Bowel cleansing with laxative based methods such as PEG is an alternative approach for removing gut microbiota before implantation of the donor gut microbiome. The PEG increases the volume of fluids via osmotic flow and washes out the luminal bacteria. It also introduces oxygen into the colon, which generally harbors anaerobic bacteria ecosystem and declines the nutrition for them (Strocchi et al., 1990). The higher dose of PEG through oral gastric gavage perhaps permitted a more efficient bowel clean.
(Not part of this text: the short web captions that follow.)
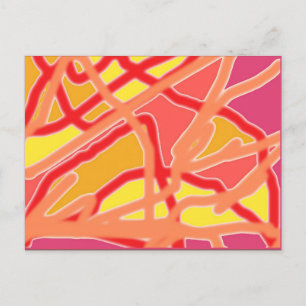 Chaos in Form Digital Art Postcard - Rosa Postkarte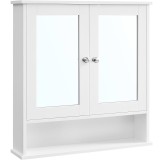 VASAGLE Dulap de baie de perete cu oglinda, 2 usi, compartiment deschis, rafturi reglabile, 13x56x58cm, alb Household NewTrend
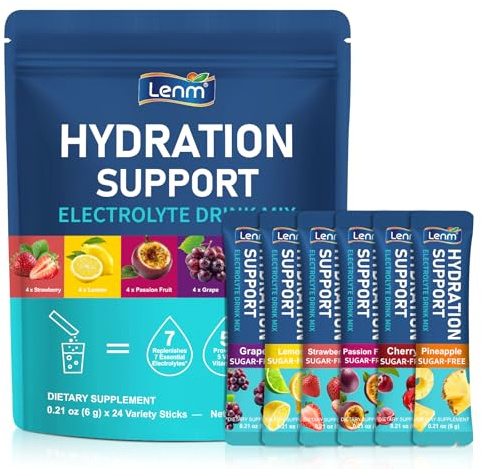 Elektrolyt Pulver 24 Beutel–Elektrolytpulver Zuckerfreies Elektrolyt Getränkepulver mit Natrium, Kalium, Magnesium & Calcium–Veganes Hydrationspulver für Sport, Reise & Alltag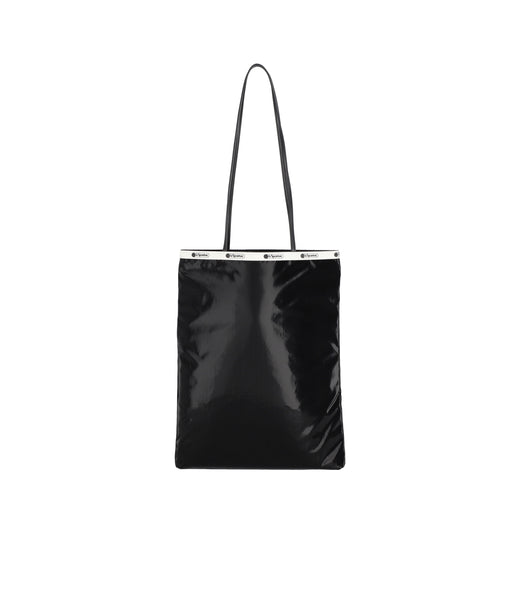 Vertical City Tote - Uptown Black Shine/Black – LeSportsac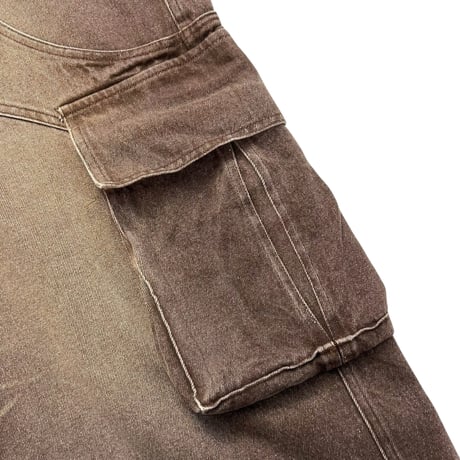FULL OF SSUN / CIRCLE DENIM CARGO PANTS / BROWN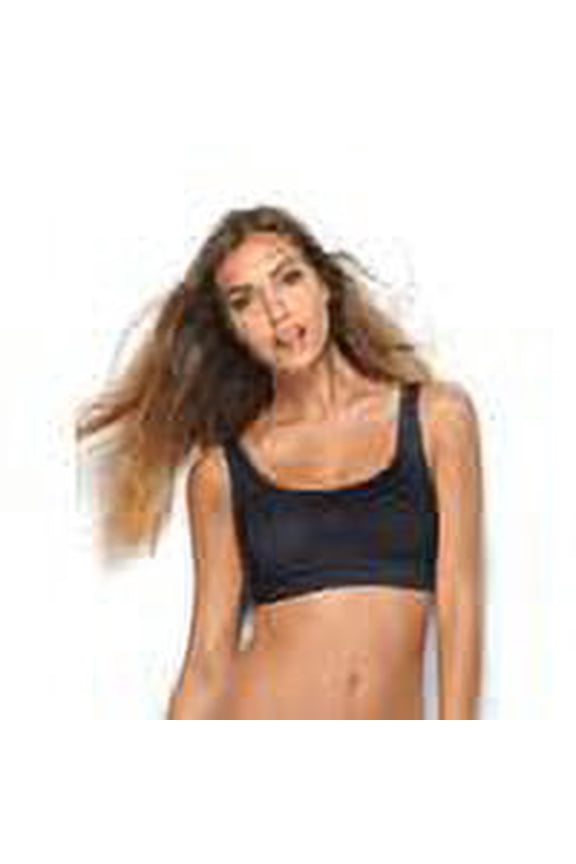 BODYeffect 110577 Black Elastic Push-up Bra Wide Shoulder top Band with Breast Support Effect, 100% Made in Europe (2XL)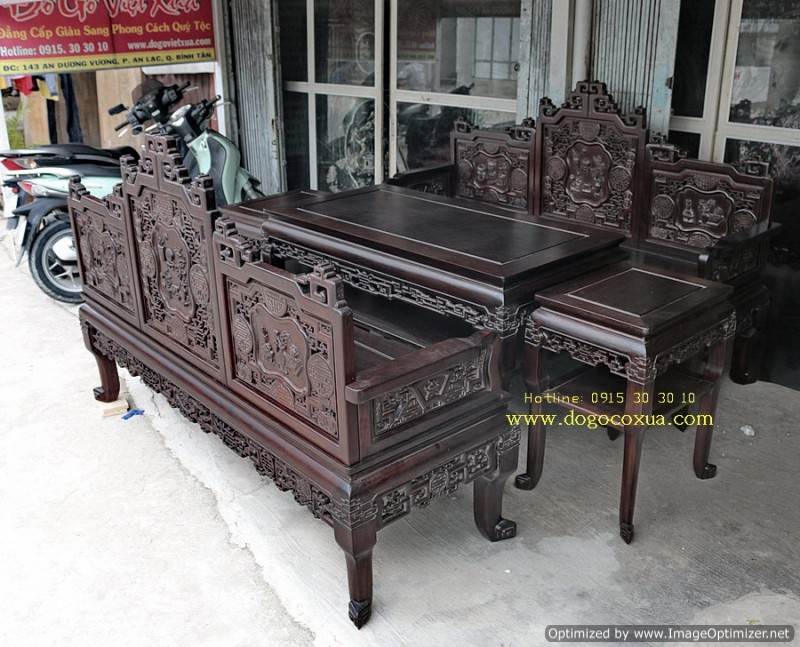 Bộ Bàn Ghế Trường Kỷ Đục Chạm Tứ Diện Tích Thư Đồ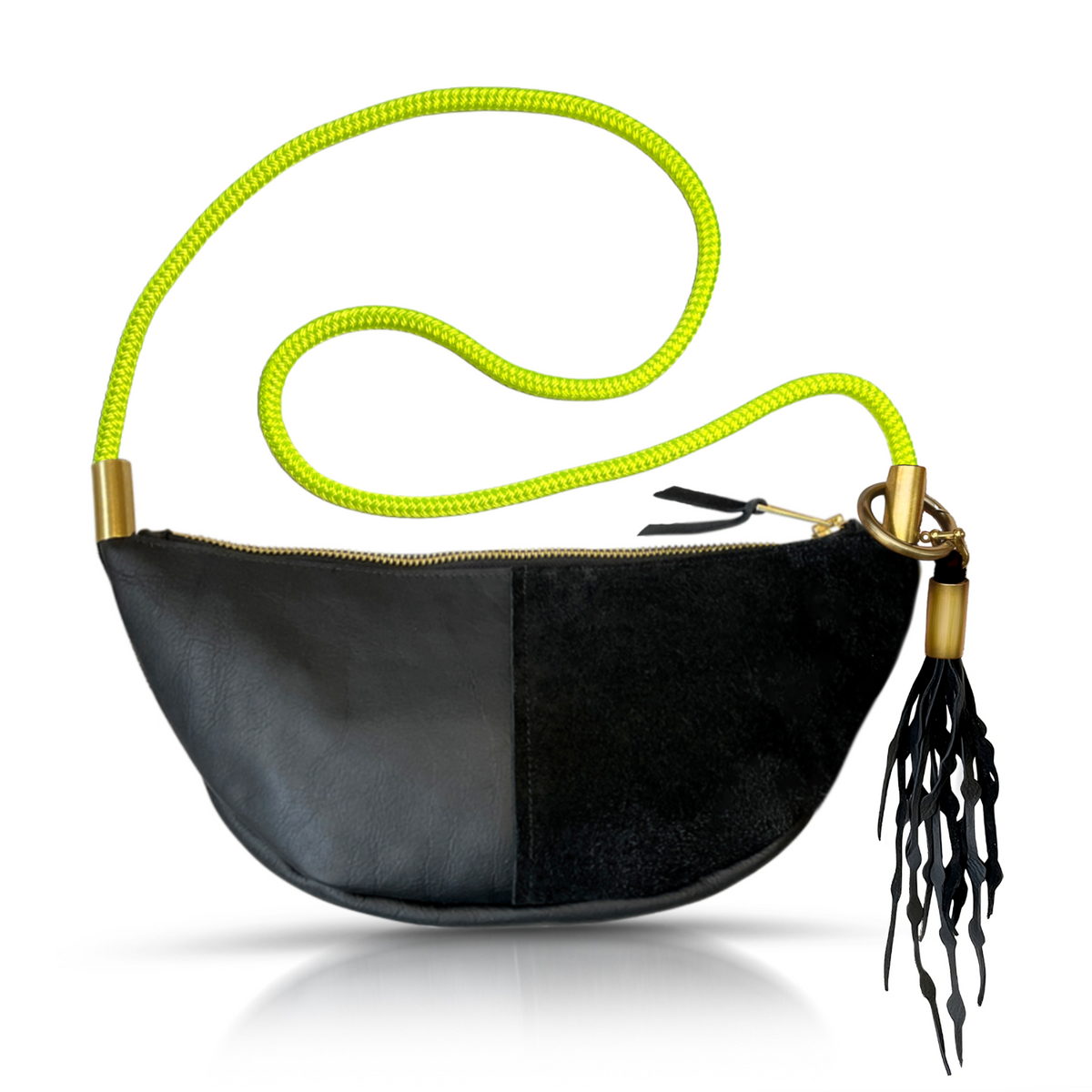 Sling Bag // in Black Leather Neon Yellow Custom Length Add a Matching Seaweed Tassel (save $10)
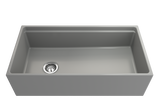 BOCCHI 1505-006-0120 Contempo Step-Rim Apron Front Fireclay 36 in. Single Bowl Kitchen Sink with Integrated Work Station & Accessories in Matte Gray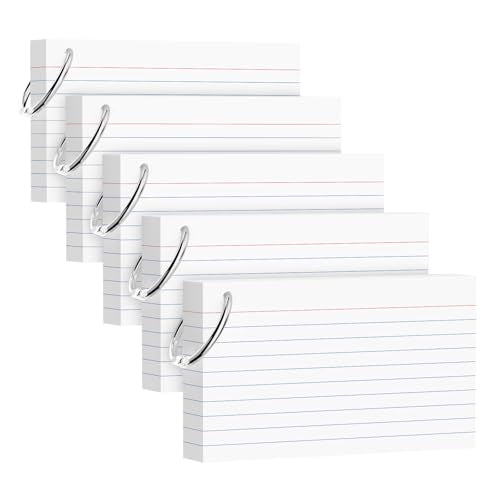 250 Count White Index Cards 3x5 Inch with Key Ring, 180gsm Heavyweight Flash Card (50 Sheets Each), Durable & Portable Note Taking for Students, Teachers, Study Note Cards for Office Home School - color: White 5 Pack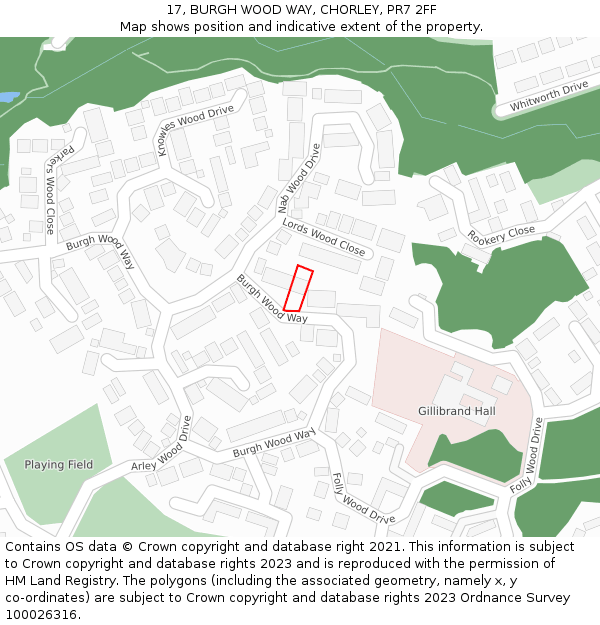 17, BURGH WOOD WAY, CHORLEY, PR7 2FF: Location map and indicative extent of plot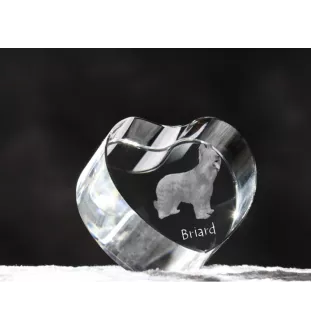 Berger de Brie, Briard - une photo de chien dans un cristal, un cœur en cristal, un cadre photo exceptionnel de la marque Art-Dog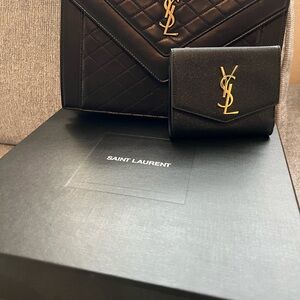 Saint Laurent Black Quilted Bag and Wallet with Gold Logo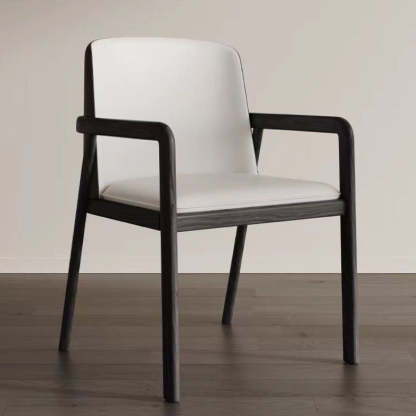 Chinese Ash Wood PU Leather Dining Chair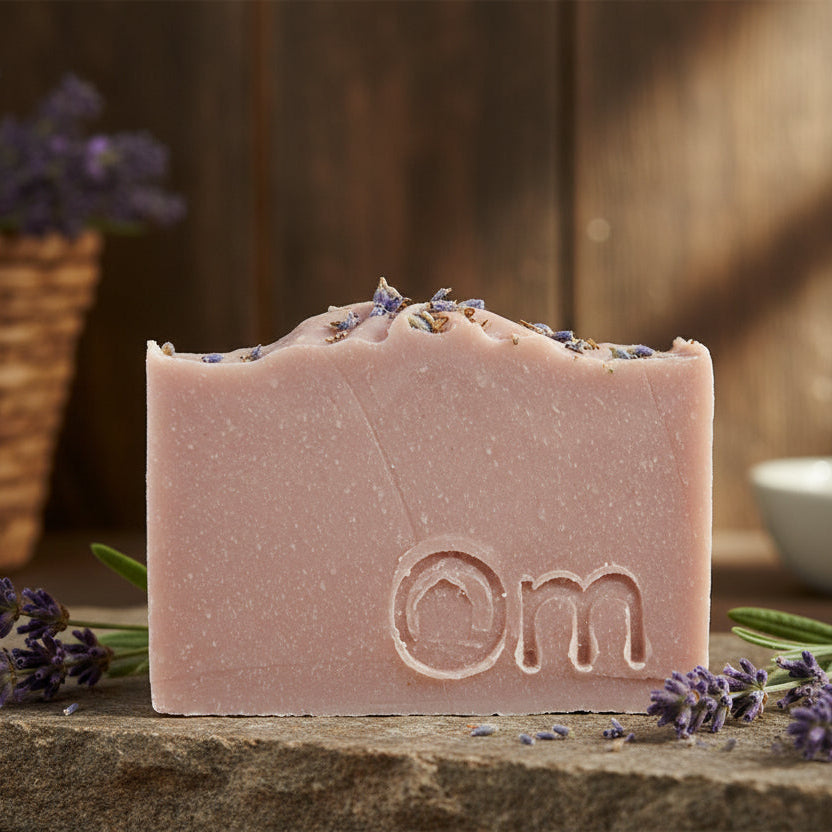 Lavender Farmcrafted Soap – palm oil-free organic base bar handcrafted in Armstrong BC with pure therapeutic-grade lavender essential oil and colloidal oatmeal to soothe skin, vegan natural ingredients from Om Naturale, free shipping BC & Alberta over $125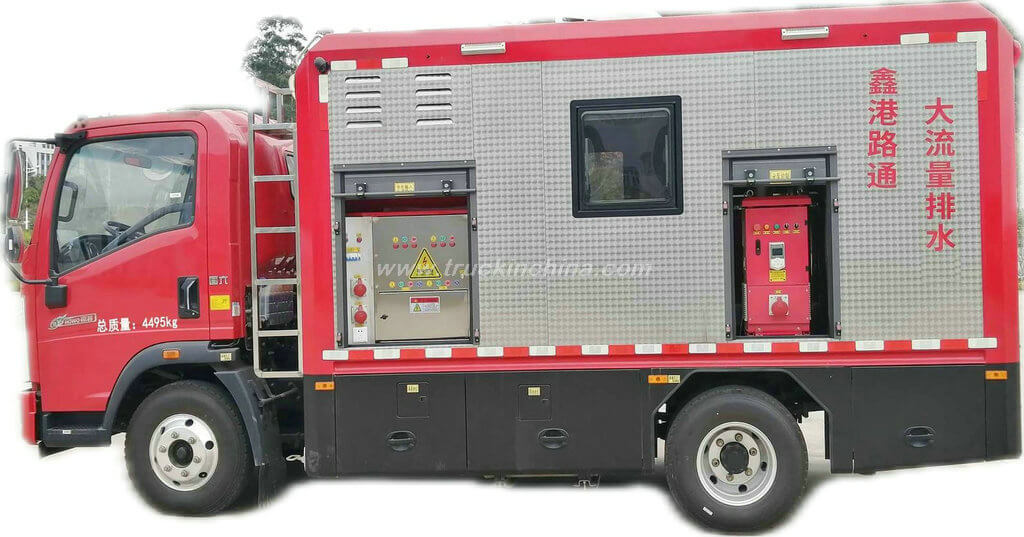 HOWO Flood Rescue Truck with Mobile Drainage Pump1000 m3/h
Recent findings suggested 170 mg of PEG for 4 times at 20 minutes intervals (Wrzosek et al., 2018) and 93 mg of PEG for 5 times at 30 minutes intervals (Le Roy et al., 2018) for clearing the gut and reducing the bacterial load in adult and young mice, respectively. PEG alone can lead to a similar decrease in the quantity of a combination of antibiotics. The PEG method is easy and straightforward to use for diminishing resident bacteria from the gut. The PEG solution causes electrolytes disturbance, dehydration (Yamano et al., 2016; Tropini et al., 2018), and change in the protective mucus lining of the colon, which leads to diarrhea in recipients (Johansson et al., 2014; Jalanka et al., 2015).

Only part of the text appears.